Caption-style text data
• • • • • • •

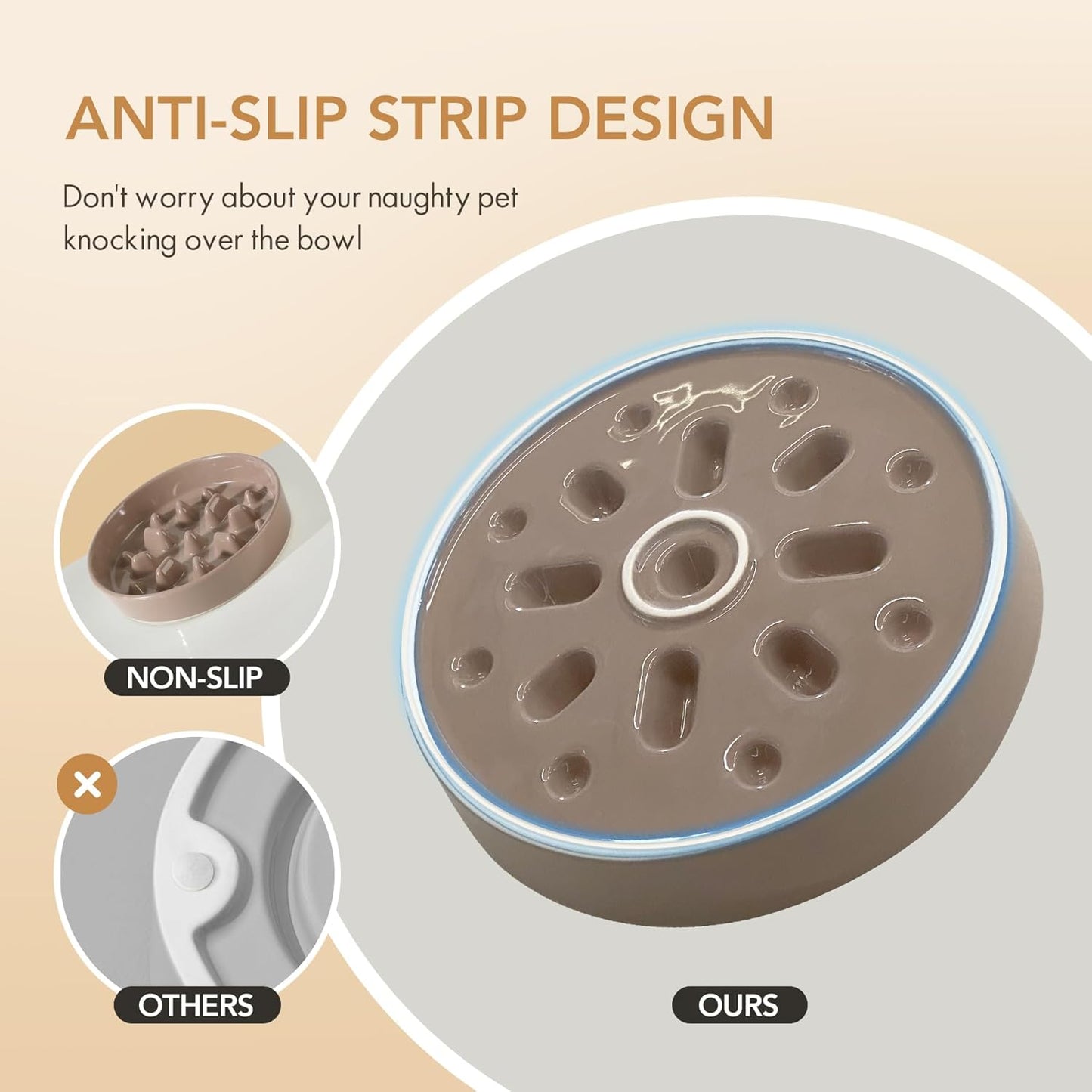 Ceramic 8.2 inch Dog Bowl Slow Feeder, Slow Pet Food Dish for Medium and Large Dog, Stop Bloat, Preventing Choking(Single Bowl, Brown Coffee)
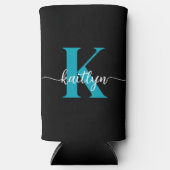 Schwarz-Aquamarin-Monogramm Selters Dosenkühler (Vorderseite)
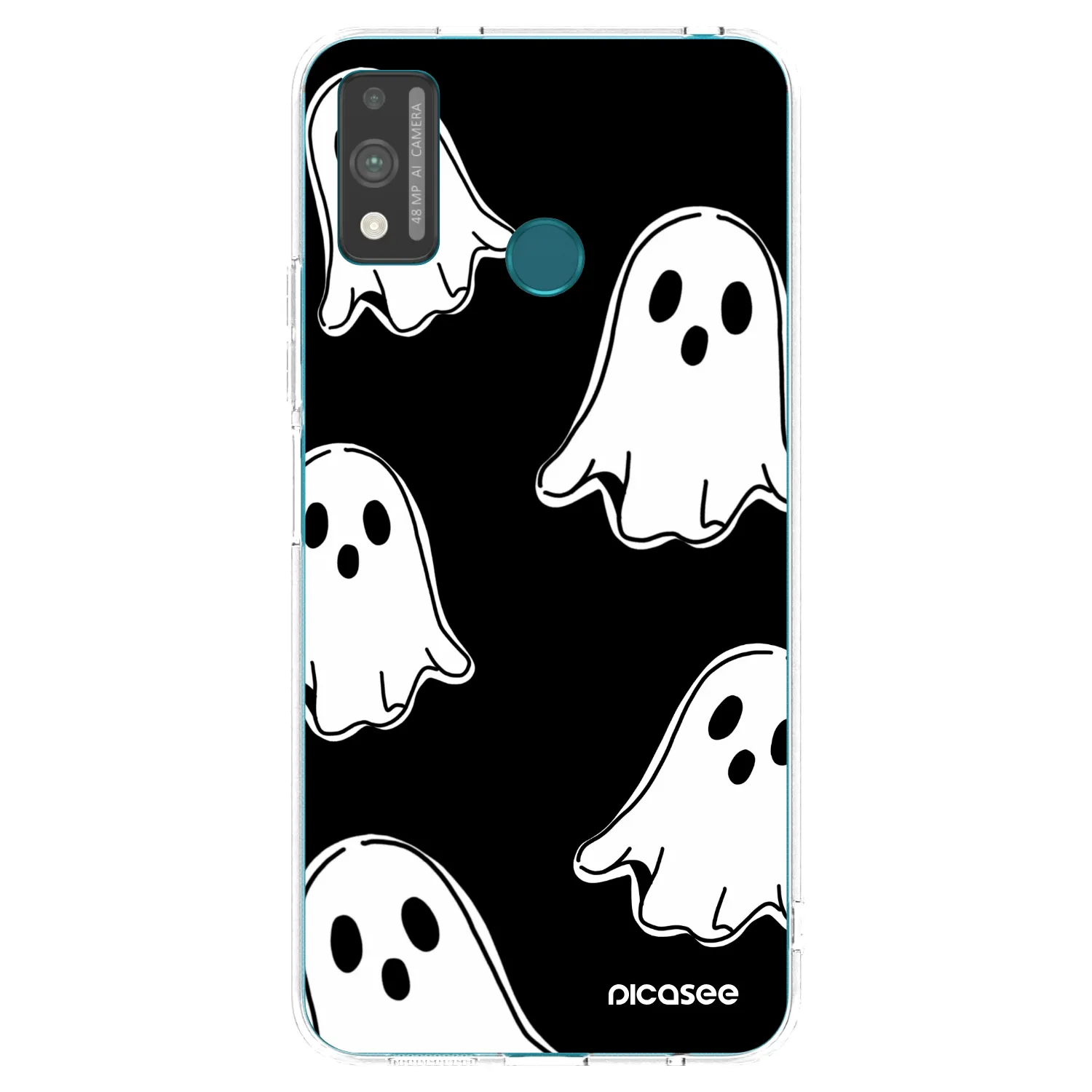 Picasee silikónový prehľadný obal pre Honor 9X Lite - Black ghosts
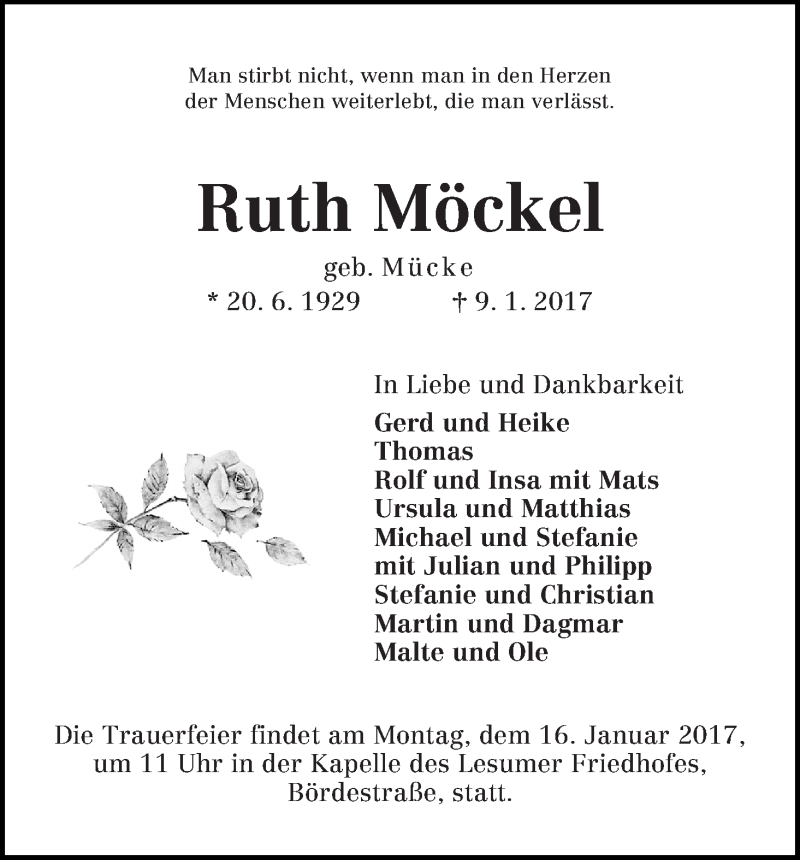 Traueranzeige von Ruth Möckel von WESER-KURIER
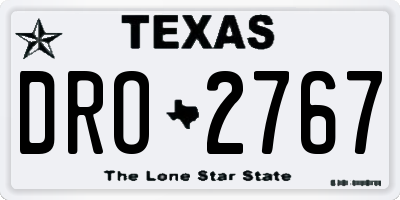 TX license plate DRO2767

• • • • • • •

ASSIGNMENT: Only the lines from the one containing "Schwarz-Aquamarin-Monogramm Selters Dosenkühler" through the final line of the records should be retyped, exactly, with every picture omitted.

EXERCISE OUTPUT:
 Schwarz-Aquamarin-Monogramm Selters Dosenkühler (Vorderseite)
 Picasee silikónový prehľadný obal pre Honor 9X Lite - Black ghosts
 Traueranzeige von Ruth Möckel von WESER-KURIER
 TX license plate DRO2767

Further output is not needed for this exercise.